On Mon, Oct 03, 2011 at 05:33:36PM +0530, K.Prasad wrote:
It's interesting...according to Intel's Software Developer
Manual
(quoting from Volume 3A, Chapter 15), the MCIP bit in IA32_MCG_STATUS
MSR behaves as described below.
"MCIP (machine check in progress) flag, bit 2 Indicates (when set)
that a machine-check exception was generated. Software can set or clear this
flag. The occurrence of a second Machine-Check Event while MCIP is set will
cause the processor to enter a shutdown state."
While in do_machine_check function, we enter the panic path (for
unrecoverable errors) much before the IA32_MCG_STATUS MSR is reset and
this is likely to dangerous.
911 void do_machine_check(struct pt_regs *regs, long error_code)
912 {
.............
................
1055 if (no_way_out && tolerant < 3)
1056 mce_panic("Fatal machine check on current CPU", final,
msg);
.............
................
1073 mce_wrmsrl(MSR_IA32_MCG_STATUS, 0);
1074 out:
It'd be interesting to know the type of memory error (as classified by
the processor) for which you're able to capture the memory dump.
Maybe a dump of the various MCE status registers (and struct mce) would
help us understand the behaviour on your system better.
Well, there are MCE types for which we need to panic but we don't
necessarily corrupt memory. Your approach is to unconditionally avoid
dumping core whenever we panic while you should look at the MCE
signature and decide then whether to capture crashed kernel memory or
not.
For example, if the MCE signature says UC DRAM error, then you can
be pretty sure that there is a landmine somewhere in the DRAM region
mapping the crashed kernel.
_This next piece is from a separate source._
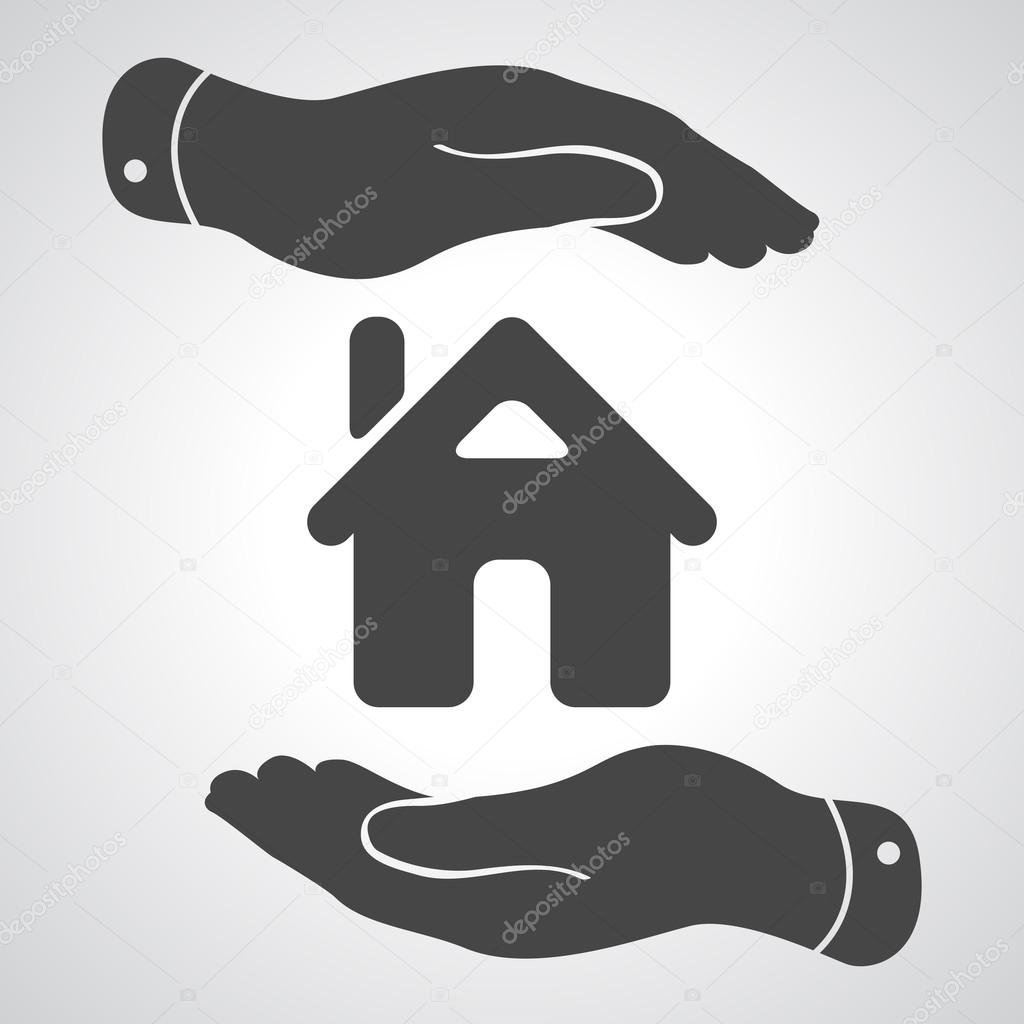 Caring hands icon - protecting house vector illustration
If it is, say, a UC when doing data fills
from L2 to L1, that doesn't necessarily mean that DRAM is corrupted. But
even in the first case, you can evaluate the MCi_ADDR reported with the
UC DRAM error and simply skip that particular cacheline when dumping the
core instead of not capturing anything at all.
Btw, the doublefault example you give above - is this something you
experience on real hardware or just a theoretical thing?
Thanks.
--
Regards/Gruss,
Boris.